PROBLEM TO WORK ON>
Each line from the one holding "Cat as Japanese Pudding a la Mode" to the last line below must be written out exactly, with no other output.

━━━━

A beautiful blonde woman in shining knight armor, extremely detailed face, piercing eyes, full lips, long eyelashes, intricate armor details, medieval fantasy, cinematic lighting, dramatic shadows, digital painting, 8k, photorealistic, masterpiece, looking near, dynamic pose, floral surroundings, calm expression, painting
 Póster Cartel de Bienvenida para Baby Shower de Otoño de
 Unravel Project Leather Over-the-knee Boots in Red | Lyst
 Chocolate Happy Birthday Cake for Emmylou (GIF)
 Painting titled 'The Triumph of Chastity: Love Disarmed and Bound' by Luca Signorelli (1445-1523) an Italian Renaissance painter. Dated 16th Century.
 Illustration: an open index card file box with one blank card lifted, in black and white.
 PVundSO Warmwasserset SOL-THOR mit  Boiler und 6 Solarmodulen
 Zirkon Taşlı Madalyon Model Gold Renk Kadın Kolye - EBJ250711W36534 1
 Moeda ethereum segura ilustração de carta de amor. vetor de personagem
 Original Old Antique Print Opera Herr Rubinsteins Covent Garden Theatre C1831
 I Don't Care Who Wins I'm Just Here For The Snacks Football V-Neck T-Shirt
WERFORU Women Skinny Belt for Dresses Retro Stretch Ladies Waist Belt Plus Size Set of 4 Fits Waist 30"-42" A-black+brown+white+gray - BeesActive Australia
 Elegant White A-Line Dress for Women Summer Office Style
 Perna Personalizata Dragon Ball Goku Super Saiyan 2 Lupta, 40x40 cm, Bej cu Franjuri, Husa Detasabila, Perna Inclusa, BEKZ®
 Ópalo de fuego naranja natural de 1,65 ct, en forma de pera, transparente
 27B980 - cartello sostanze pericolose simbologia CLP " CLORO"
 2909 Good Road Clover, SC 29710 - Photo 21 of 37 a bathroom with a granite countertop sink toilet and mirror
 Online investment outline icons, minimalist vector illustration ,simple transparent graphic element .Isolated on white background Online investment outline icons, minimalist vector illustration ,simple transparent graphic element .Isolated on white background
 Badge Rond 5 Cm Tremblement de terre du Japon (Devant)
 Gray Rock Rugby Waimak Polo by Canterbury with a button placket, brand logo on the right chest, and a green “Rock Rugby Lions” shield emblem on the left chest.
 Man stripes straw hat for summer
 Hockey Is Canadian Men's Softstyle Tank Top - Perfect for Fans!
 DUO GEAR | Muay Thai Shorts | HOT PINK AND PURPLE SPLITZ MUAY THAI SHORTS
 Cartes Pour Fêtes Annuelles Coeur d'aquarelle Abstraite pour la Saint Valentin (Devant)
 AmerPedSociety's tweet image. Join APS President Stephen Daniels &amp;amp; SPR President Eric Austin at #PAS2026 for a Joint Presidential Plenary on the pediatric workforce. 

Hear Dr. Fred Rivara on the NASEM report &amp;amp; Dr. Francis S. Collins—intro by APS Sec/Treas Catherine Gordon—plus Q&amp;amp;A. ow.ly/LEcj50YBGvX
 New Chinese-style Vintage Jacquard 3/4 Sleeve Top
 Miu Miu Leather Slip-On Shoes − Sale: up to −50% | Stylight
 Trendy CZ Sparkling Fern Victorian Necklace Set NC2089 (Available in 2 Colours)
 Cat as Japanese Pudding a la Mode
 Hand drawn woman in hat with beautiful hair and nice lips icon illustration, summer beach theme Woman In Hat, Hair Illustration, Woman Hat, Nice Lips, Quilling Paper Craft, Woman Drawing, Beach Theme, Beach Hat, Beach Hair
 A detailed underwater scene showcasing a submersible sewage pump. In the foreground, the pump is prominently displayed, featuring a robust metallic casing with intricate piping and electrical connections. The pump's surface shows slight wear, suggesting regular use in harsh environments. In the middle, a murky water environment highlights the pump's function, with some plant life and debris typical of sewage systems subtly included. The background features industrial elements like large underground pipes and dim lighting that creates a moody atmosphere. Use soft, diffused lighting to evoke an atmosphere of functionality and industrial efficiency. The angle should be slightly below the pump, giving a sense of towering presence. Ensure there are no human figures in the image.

━━━━

ANSWER>
 Cat as Japanese Pudding a la Mode
 Hand drawn woman in hat with beautiful hair and nice lips icon illustration, summer beach theme Woman In Hat, Hair Illustration, Woman Hat, Nice Lips, Quilling Paper Craft, Woman Drawing, Beach Theme, Beach Hat, Beach Hair
 A detailed underwater scene showcasing a submersible sewage pump. In the foreground, the pump is prominently displayed, featuring a robust metallic casing with intricate piping and electrical connections. The pump's surface shows slight wear, suggesting regular use in harsh environments. In the middle, a murky water environment highlights the pump's function, with some plant life and debris typical of sewage systems subtly included. The background features industrial elements like large underground pipes and dim lighting that creates a moody atmosphere. Use soft, diffused lighting to evoke an atmosphere of functionality and industrial efficiency. The angle should be slightly below the pump, giving a sense of towering presence. Ensure there are no human figures in the image.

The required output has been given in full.